_WHAT TO PRODUCE:_ For the records below, output every line from the one holding "Null [第一届世界博览会" through the final line, unaltered, and no other lines.

Brief descriptive captions:
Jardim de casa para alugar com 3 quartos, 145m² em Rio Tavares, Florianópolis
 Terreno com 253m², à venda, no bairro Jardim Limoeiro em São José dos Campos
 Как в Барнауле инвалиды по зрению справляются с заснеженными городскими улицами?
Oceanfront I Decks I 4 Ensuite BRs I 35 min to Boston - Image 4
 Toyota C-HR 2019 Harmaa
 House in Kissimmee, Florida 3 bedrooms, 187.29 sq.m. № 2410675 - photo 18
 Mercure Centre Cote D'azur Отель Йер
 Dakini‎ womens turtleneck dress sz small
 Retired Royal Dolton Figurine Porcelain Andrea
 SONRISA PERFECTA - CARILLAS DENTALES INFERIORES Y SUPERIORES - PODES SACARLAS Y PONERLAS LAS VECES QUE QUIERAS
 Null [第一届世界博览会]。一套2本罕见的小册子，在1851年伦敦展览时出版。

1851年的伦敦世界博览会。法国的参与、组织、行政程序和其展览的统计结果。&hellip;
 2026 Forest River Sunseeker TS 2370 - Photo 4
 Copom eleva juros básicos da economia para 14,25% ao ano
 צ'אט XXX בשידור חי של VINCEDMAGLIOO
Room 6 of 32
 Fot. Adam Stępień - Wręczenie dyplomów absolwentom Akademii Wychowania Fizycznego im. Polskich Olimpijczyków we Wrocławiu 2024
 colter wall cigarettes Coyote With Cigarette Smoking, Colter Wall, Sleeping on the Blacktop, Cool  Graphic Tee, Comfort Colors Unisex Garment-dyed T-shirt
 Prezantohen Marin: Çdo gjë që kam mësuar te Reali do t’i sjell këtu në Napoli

_RESULT FOR THIS EXERCISE:_
 Null [第一届世界博览会]。一套2本罕见的小册子，在1851年伦敦展览时出版。

1851年的伦敦世界博览会。法国的参与、组织、行政程序和其展览的统计结果。&hellip;
 2026 Forest River Sunseeker TS 2370 - Photo 4
 Copom eleva juros básicos da economia para 14,25% ao ano
 צ'אט XXX בשידור חי של VINCEDMAGLIOO
Room 6 of 32
 Fot. Adam Stępień - Wręczenie dyplomów absolwentom Akademii Wychowania Fizycznego im. Polskich Olimpijczyków we Wrocławiu 2024
 colter wall cigarettes Coyote With Cigarette Smoking, Colter Wall, Sleeping on the Blacktop, Cool  Graphic Tee, Comfort Colors Unisex Garment-dyed T-shirt
 Prezantohen Marin: Çdo gjë që kam mësuar te Reali do t’i sjell këtu në Napoli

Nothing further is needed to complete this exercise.